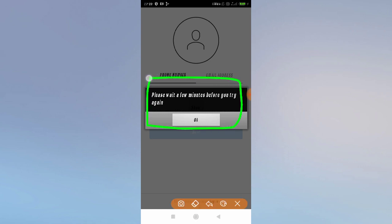As you can see: 'Please wait a few minutes before you try again.' This problem occurs because of signing in too many times. If you are trying to sign in or sign up with a wrong password, wrong email address, or wrong phone number, then this problem occurs on your phone. It basically occurs when you are trying to sign in or sign up too many times.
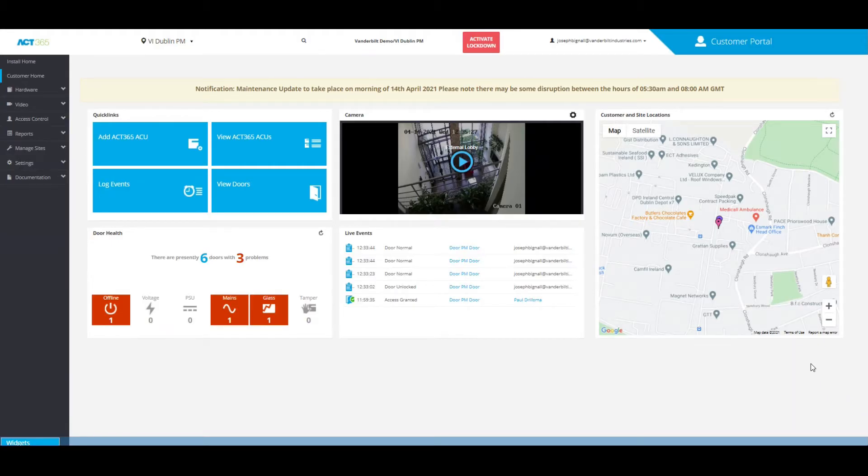Hi, this is Joseph Bignall from Vanderbilt Industries and today I'm going to show you how to control a door from the ACK365 system software.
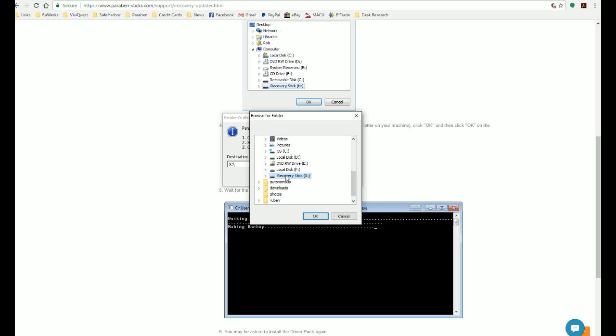And sometimes you might actually have messed up the iRecoveryStick so much that it doesn't show up. But if you know that the drive letter for that iRecoveryStick is a certain drive letter, you can select that drive. Now the update won't work if that isn't the legitimate iRecoveryStick because it won't have the licensing information on there. But we click on that and we hit OK.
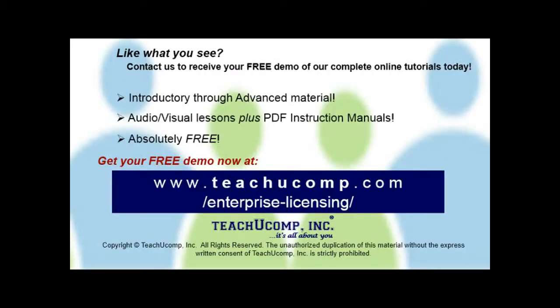Like what you see? Get a free demo of our training for groups of five or more at www.teachucomp.com forward slash enterprise dash licensing.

__Problem details__.
Take the lines from the one containing "Hi, this is" through the final line of the listing above and print them exactly, including both ends but no pictures.

__Solution to this exercise__.
Hi, this is Joseph Bignall from Vanderbilt Industries and today I'm going to show you how to control a door from the ACK365 system software.
And sometimes you might actually have messed up the iRecoveryStick so much that it doesn't show up. But if you know that the drive letter for that iRecoveryStick is a certain drive letter, you can select that drive. Now the update won't work if that isn't the legitimate iRecoveryStick because it won't have the licensing information on there. But we click on that and we hit OK.
Like what you see? Get a free demo of our training for groups of five or more at www.teachucomp.com forward slash enterprise dash licensing.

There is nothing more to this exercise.